Confirmation bias, what is it and why is it important?
Confirmation bias is described as the tendency for people to favour information or arguments that coincide with their own beliefs or hypotheses. There is also a tendency for people to select only evidence that supports their position and to accept ambiguous evidence in a positive light.
Social experiments including those conducted by Stanford University have shown that individuals, rather than evaluating each position logically, tend to favour their own viewpoint and can even convince themselves that their position is right in the face of insurmountable logical evidence that they are not correct.
I am sure that by now you are starting to see where I am going with this, how many people do you know in IT that fall into the description above. In particular I am thinking of those that fall into the Cisco, VMWare, Oracle camps. Many of the professionals I know and have worked with don’t even consider alternative products and can’t see any benefits in moving away from what they consider are the only choice.
Lets have a brief aside here, Adolf Hitler we all agree was a bad man, in fact some would describe him as the epitome of evil. No redeeming features whatsoever? Well he was a fantastic orator, a charismatic leader and he really loved children. We all feel a bit uneasy recognising these qualities in this man so what we tend to do is just focus on the bad and leave out the good qualities. Don’t think I am making excuses for Hitler, just using him as an example.
It’s the same when we look at VMWare, you’ve all heard it by now, ‘industry leading product’, ‘nothing comes close’, ‘crazy to pick anything else’. If you suggest looking at Hyper-V then you hear, ‘not mature’ ‘not ready for the enterprise’ you don’t hear about how much less it costs, how the licensing model is less convoluted, how well it integrates into a Microsoft enterprise, in short none of the good points and only the bad. Confirmation bias.

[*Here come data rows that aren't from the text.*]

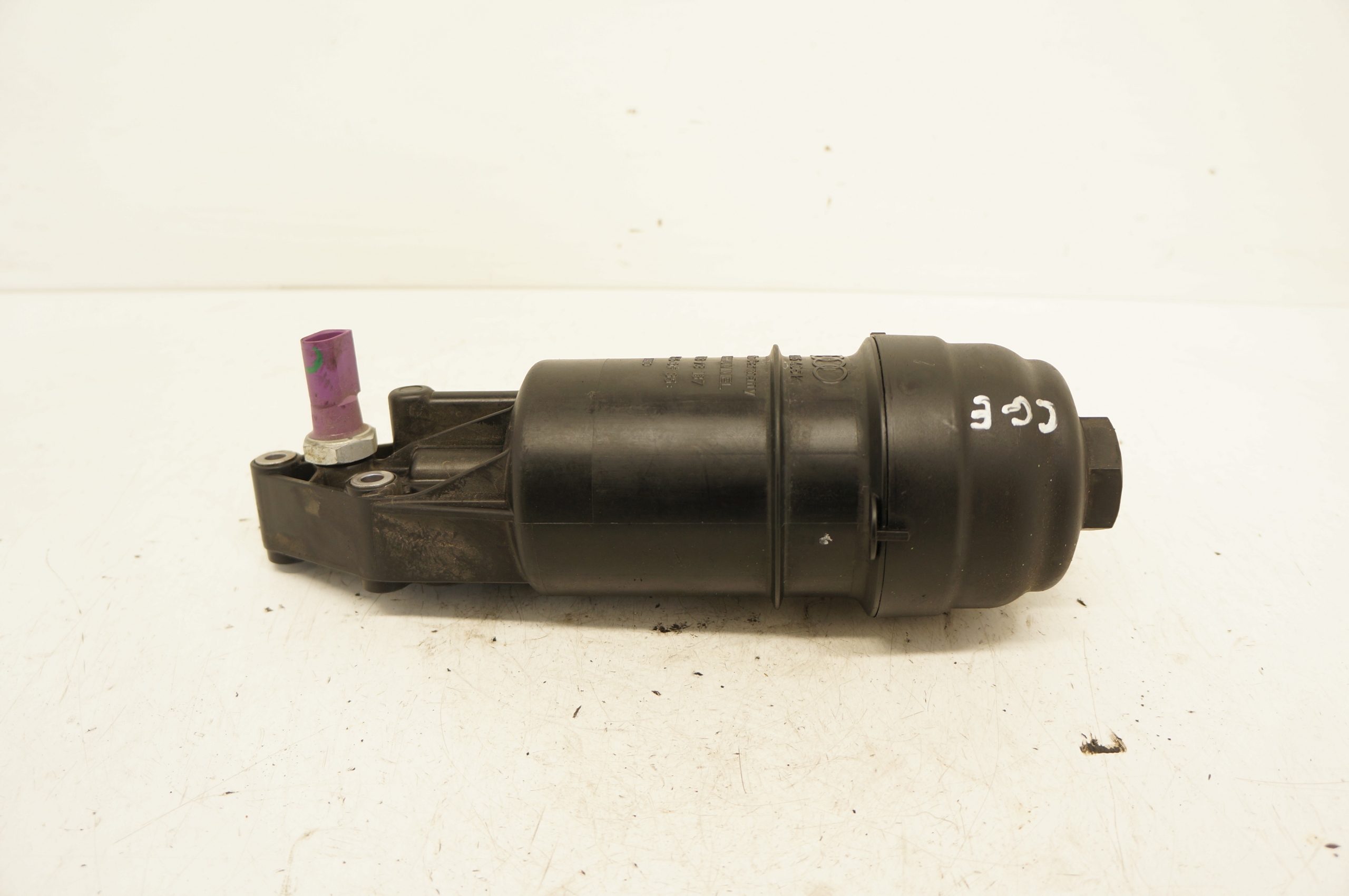 OBUDOWA FILTRA OLEJU PRAWY PORSCHE CAYENNE AUDI S4 3.0 TFSI 06E115405K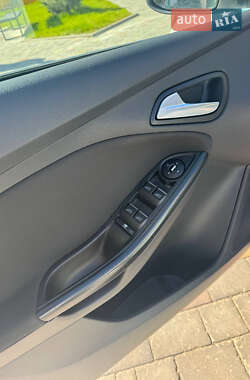 Универсал Ford Focus 2013 в 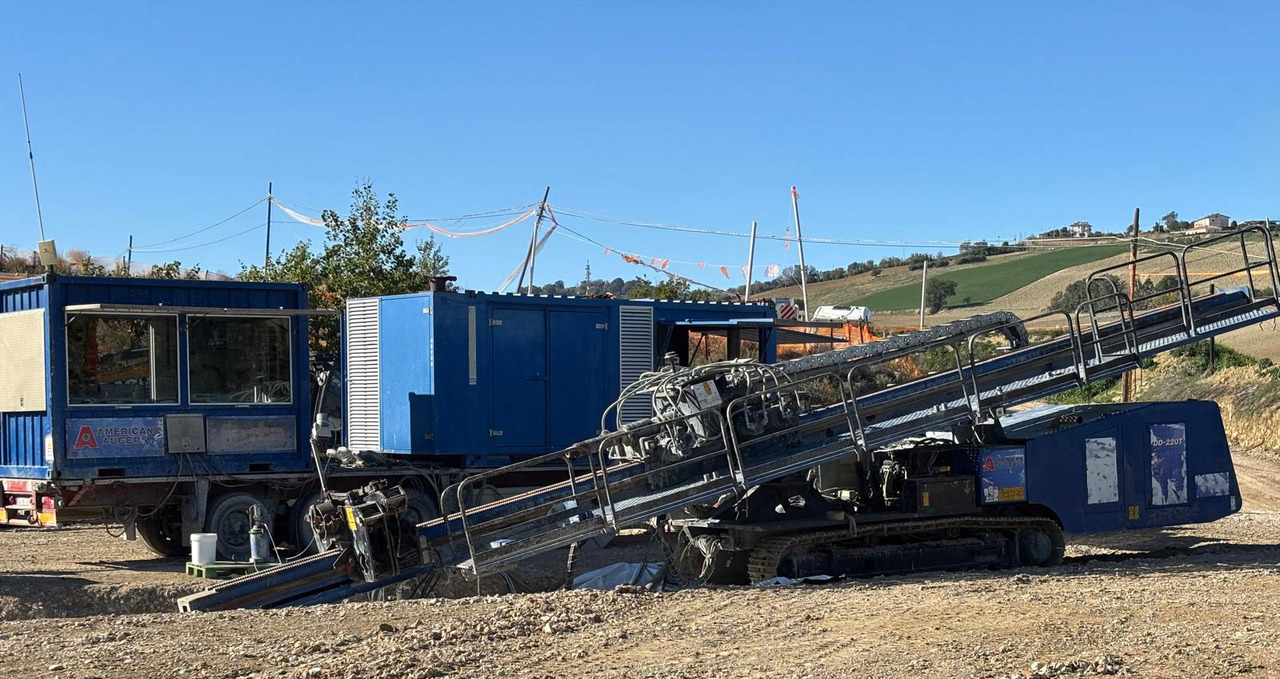 American Auger DD-220T - Perforadora direccional horizontal: foto 4 American Auger DD-220T - Perforadora direccional horizontal: foto 4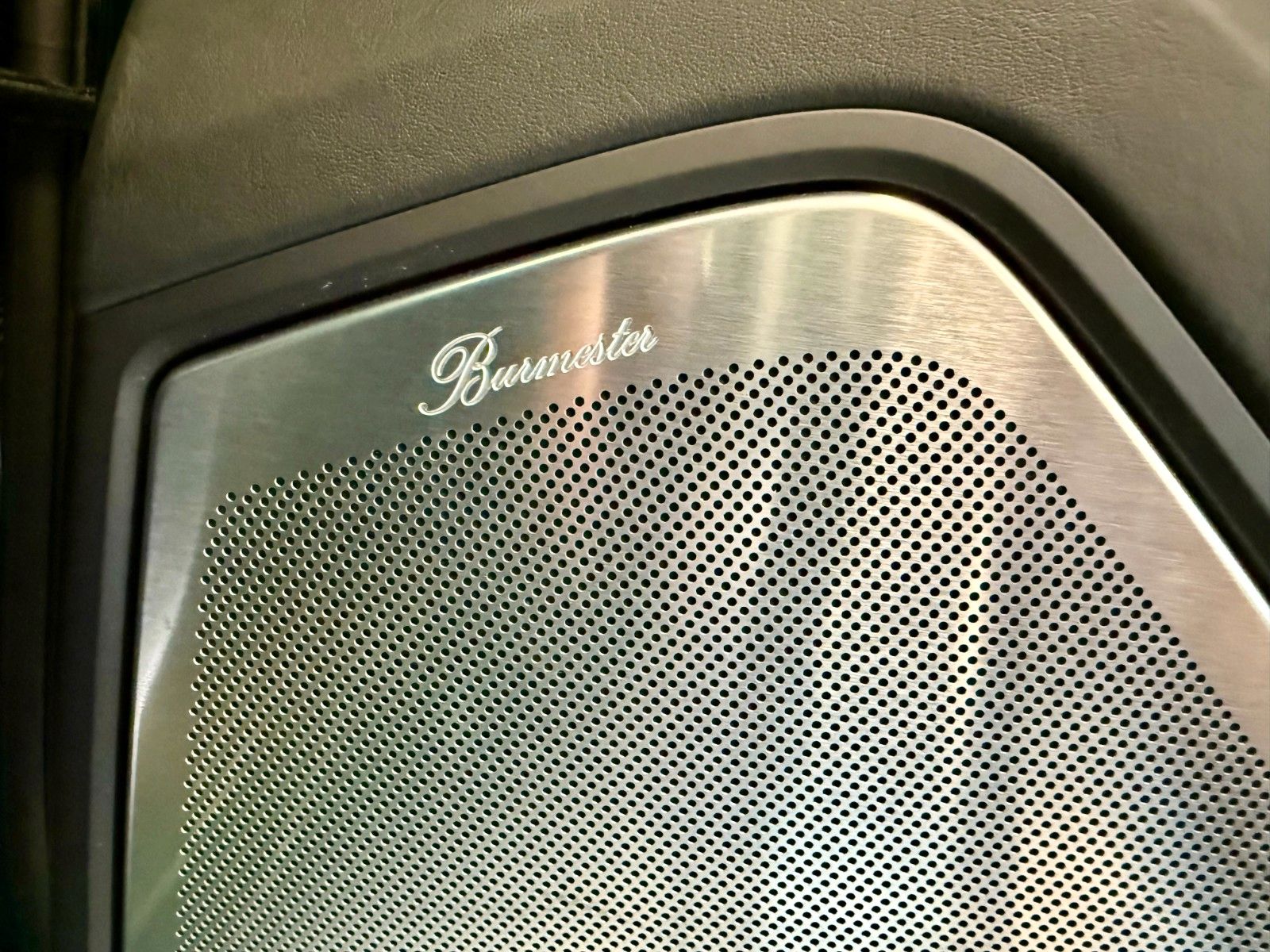 Fahrzeugabbildung Porsche Cayenne Turbo E-Hybrid SportDesign/PCCB/PTS/AHK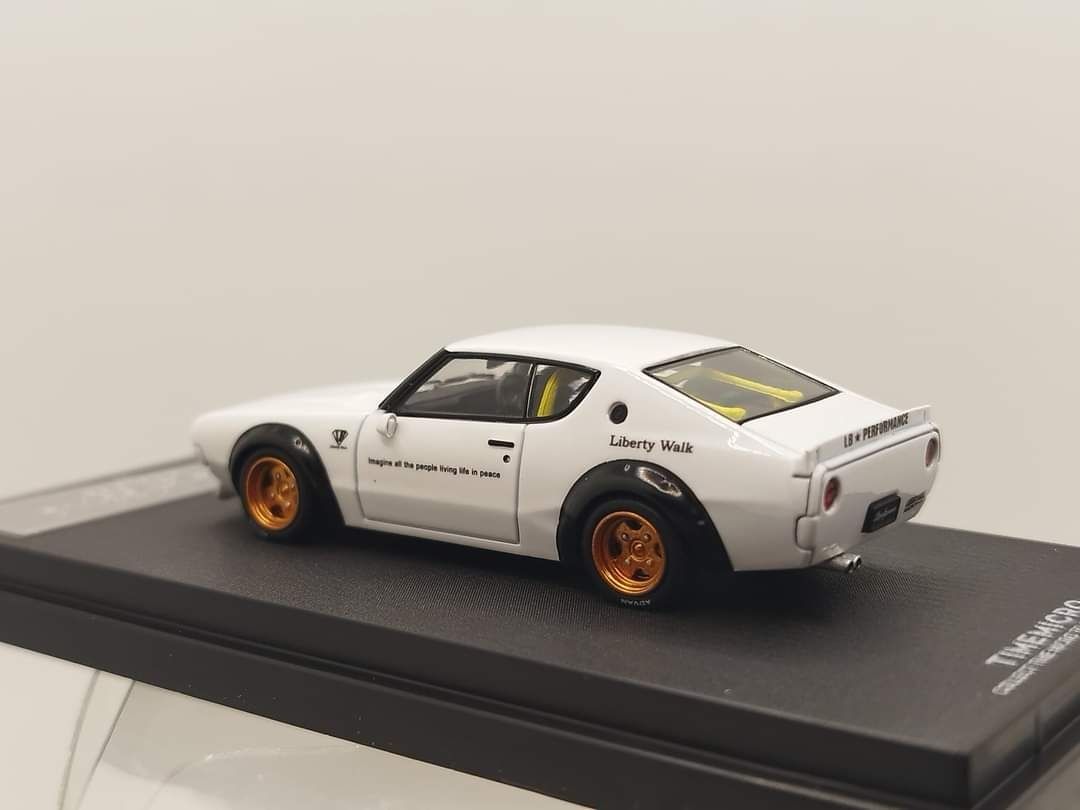 TimeMicro Nissan Skyline LBWK KPGC110 Branco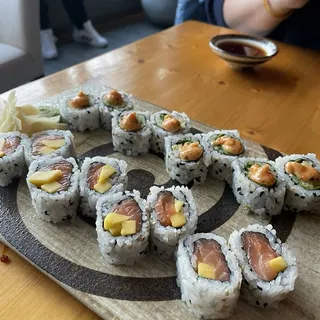 Spicy Shrimp Tempura Roll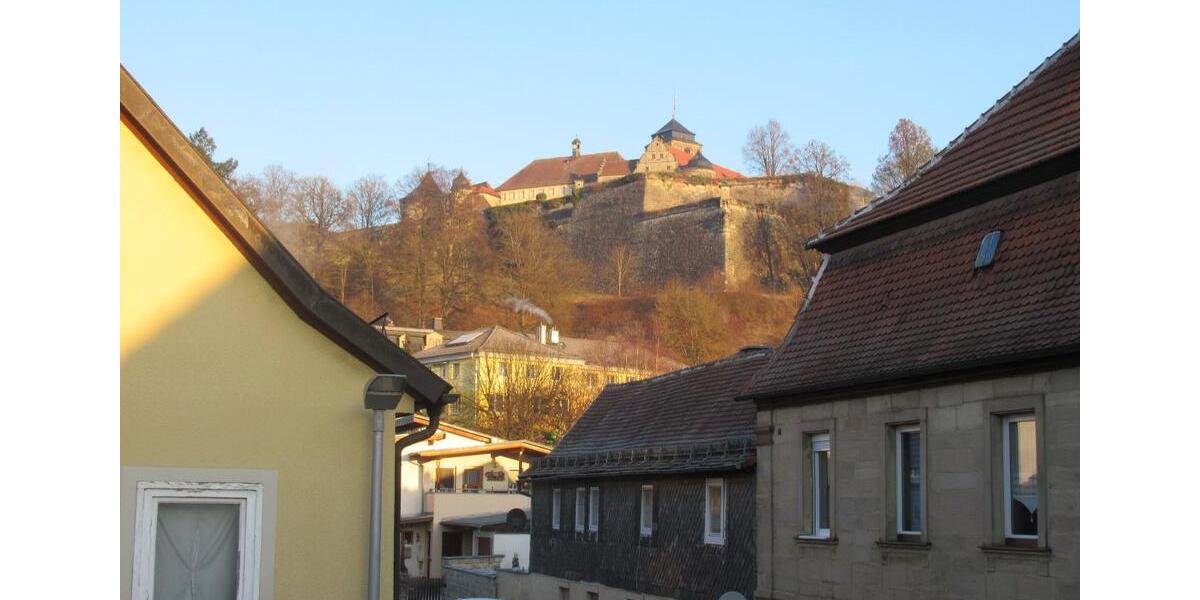 Etagenwohnung Kronach - 3 Zimmer, 73 m&sup2;, 680&euro; | Angebot:26269105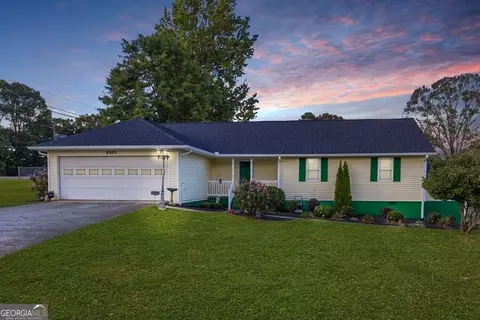 4305 Oak Creek Dr, Gainesville, GA 30506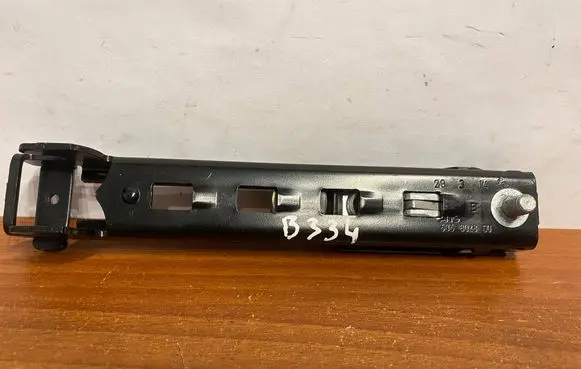 Mercedes-Benz E W212 Seat belt height adjuster 606802800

The consequences of this can lead to:
- Overconfidence in the selected product and its performance.
- Failing to identify and adopt the right product for the job.
- Spending more money than required – ‘the no one got fired for buying IBM’
- Failing to keep up with emerging technology, falling behind.
- Fostering a culture of ignorance and conservatism.
Have a look around next time your at work, ask yourself some serious questions. Do I really evaluate objectively or am I biased, can I be proved wrong and accept it? If not them you could be confirming your own bias and falling into the closed mindset that is prevalent in many IT departments. It is ironic that a profession that focuses on advancing technology sometimes has the hardest task in embracing different ways of doing things and adopting different hardware and software.